TUBING—ON A SUNDAY AFTERNOON
By George Petersen
EVERYTHING SEEMS TO HAPPEN IN THREE’S. I’m not sure if it was my good or bad luck, but all three of the Fender tube amps in my studio have died in the past couple weeks. I’ve got a 1972 Deluxe Reverb, and two 1969 Bassmans—one with a stock 2×15 cab (we use that for bass) and the other set up for guitar with a Fender Showman Tone Ring single-15 cab, with the original JBL D130 woofer and the bizarre—yet cool-sounding—ported design.
The good luck part was that these things have run for decades (some, like the Deluxe—with the original tubes) and almost no maintenance. The bad luck part was that they all finally stopped working. Anyway, I figured it was time to go through these thoroughly, clean ‘em up inside and out and start from scratch—with all new tubes. I called Groove Tubes and they were very helpful with suggestions on exactly what tubes to use. They rate their power tubes with individual distortion ratings, so you can tailor the tunes to the spacific application/musical style/tone you’re looking for. So getting the tubes was the easy part.
I must be getting old, because I had nearly forgotten the weirdness one encounters when disecting old Fender amps, with their arcane (those four long screws) method of hanging the amps upside down—bat style—inside the cabinet. That itself isn’t so weird as trying to figure out who actually has hands with fingers skinny or long enough to hold the nut in place while reassembling the thing. But reassembly wasn’t the problem. The hang-up (pardon the pun) came from the amp assembly getting stuck on part of the sheet metal that shields the top of the amp (under the handle) from stray cosmic radiation from other galaxies. So on one of the Bassman heads, I had to completely remove the front grille and take the amp chassis out the front of the cab. Yuk!
From, there, things were a lot easier, especially when I saw that all the caps looked good. Somehow I was expecting to see sweatly blobs of goo and drippy caps, but these looked fine. But ALL of the pots exhibited noise, so each one got a shot of Caig DeoxIT and came out sweet—no static at all… And besides blowing a ton of dust out, I also hit the tip contact on each jack with a couple light file strokes—just to clear the light corrosion that can build up. Then came a cabinet wipedown and reassembly the retubing, which was all Groove tubes, except for a favorite Mullard 12AX7 that went onto one channel on the “guitar” Bassman. I did have some Groove Tube 12AX7M’s (these are the modern recreations of the vintage Mullards), but since I did have one nice NOS Mullard, it went in anyway.

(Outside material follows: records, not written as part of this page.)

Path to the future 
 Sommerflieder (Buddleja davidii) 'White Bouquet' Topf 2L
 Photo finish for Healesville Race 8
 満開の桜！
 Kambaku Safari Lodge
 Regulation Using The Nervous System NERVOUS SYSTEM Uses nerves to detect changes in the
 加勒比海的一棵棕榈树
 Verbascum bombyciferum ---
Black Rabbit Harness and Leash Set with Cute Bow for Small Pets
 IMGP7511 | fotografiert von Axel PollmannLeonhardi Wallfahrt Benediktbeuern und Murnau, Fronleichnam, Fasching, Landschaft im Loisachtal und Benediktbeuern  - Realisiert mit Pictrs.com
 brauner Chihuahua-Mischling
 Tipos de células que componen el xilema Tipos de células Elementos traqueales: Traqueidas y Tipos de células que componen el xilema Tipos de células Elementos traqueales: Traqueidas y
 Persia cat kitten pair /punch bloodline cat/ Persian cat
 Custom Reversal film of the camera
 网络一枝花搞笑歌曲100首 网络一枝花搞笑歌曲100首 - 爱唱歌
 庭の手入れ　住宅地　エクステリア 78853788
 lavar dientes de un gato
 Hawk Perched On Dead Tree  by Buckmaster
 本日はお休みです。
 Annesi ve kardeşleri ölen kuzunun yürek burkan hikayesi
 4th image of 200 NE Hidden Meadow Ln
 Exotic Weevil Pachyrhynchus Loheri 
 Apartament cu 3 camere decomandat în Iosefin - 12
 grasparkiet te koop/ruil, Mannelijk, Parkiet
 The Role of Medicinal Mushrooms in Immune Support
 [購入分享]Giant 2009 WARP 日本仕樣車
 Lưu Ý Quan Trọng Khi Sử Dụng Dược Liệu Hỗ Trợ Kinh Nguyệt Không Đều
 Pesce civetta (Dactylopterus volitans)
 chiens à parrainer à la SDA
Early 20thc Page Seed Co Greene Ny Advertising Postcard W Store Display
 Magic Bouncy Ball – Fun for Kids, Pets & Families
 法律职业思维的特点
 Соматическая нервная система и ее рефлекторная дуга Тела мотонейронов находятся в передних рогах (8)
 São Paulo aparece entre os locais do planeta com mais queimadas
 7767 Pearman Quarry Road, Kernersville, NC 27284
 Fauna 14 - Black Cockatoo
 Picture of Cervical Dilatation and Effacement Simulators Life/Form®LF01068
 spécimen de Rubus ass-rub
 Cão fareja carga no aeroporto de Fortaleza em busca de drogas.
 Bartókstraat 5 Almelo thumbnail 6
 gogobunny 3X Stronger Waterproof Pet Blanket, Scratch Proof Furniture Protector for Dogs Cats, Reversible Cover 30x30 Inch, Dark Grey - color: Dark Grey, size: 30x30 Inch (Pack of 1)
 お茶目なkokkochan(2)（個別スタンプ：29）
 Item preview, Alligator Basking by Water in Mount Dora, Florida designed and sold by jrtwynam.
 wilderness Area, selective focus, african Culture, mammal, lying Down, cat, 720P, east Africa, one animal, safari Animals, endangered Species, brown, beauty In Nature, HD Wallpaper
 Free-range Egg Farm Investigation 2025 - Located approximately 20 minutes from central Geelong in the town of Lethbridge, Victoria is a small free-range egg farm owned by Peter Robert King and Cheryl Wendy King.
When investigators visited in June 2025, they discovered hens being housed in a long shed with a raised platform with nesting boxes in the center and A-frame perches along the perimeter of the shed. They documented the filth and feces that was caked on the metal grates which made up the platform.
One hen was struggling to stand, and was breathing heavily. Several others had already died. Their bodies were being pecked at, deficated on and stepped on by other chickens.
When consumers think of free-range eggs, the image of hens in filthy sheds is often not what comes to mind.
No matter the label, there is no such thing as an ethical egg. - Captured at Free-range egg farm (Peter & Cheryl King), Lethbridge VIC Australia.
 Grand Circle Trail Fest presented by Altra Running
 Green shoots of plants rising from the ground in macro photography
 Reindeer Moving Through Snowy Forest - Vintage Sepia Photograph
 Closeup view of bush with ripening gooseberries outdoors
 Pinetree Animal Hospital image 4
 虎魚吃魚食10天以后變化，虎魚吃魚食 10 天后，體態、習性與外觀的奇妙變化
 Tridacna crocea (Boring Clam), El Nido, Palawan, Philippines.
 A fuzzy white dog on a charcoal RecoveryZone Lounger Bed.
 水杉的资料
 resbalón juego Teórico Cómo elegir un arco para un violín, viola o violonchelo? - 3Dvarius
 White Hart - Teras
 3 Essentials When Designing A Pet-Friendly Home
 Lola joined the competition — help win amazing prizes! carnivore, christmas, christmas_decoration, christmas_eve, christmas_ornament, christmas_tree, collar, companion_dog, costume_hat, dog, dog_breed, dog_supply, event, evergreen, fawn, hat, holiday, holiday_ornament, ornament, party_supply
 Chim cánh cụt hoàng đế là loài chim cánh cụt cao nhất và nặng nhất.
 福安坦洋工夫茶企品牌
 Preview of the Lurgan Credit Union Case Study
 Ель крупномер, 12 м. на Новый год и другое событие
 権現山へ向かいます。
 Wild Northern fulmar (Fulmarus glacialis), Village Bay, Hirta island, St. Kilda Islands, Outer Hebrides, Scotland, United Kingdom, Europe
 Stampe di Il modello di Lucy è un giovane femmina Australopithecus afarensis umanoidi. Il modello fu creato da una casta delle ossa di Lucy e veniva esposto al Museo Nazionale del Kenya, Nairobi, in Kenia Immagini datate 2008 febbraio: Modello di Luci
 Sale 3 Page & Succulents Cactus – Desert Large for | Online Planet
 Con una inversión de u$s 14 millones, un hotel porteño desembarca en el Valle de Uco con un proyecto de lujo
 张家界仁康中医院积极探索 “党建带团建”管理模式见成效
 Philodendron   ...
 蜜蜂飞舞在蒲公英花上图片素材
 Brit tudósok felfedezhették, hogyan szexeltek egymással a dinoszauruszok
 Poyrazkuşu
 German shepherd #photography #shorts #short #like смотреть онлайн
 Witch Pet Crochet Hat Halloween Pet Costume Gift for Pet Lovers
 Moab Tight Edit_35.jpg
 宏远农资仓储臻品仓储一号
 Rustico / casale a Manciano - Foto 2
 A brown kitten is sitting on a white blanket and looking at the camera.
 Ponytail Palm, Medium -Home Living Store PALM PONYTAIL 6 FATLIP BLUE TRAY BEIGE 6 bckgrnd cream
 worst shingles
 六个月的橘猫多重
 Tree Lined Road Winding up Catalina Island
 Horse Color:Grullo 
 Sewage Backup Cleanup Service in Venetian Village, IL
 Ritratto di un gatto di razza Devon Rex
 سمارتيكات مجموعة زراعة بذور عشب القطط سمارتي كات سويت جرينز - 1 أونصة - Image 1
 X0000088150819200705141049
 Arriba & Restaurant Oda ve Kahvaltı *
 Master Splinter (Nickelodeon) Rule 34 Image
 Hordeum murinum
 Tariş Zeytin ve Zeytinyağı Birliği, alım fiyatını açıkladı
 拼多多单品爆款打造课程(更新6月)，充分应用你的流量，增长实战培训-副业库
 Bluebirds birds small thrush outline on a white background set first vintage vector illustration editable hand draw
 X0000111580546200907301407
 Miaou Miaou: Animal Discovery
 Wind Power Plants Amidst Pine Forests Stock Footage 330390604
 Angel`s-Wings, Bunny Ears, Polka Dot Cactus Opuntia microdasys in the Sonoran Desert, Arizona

After a quick bias check (highly recommended) and a couple hours burn-in—probably not necessary, but after spending an afternoon working on the amps, it was Miller time (actually Dos Equis time) at the local taqueria, which provided a nice respite before giving the amps the listening test. All were greatly improved, but the Deluxe Reverb was absolutely amazing, with exceptional tone and sustain. Morale: if an amp’s worth having, it’s worth retubing—definitely.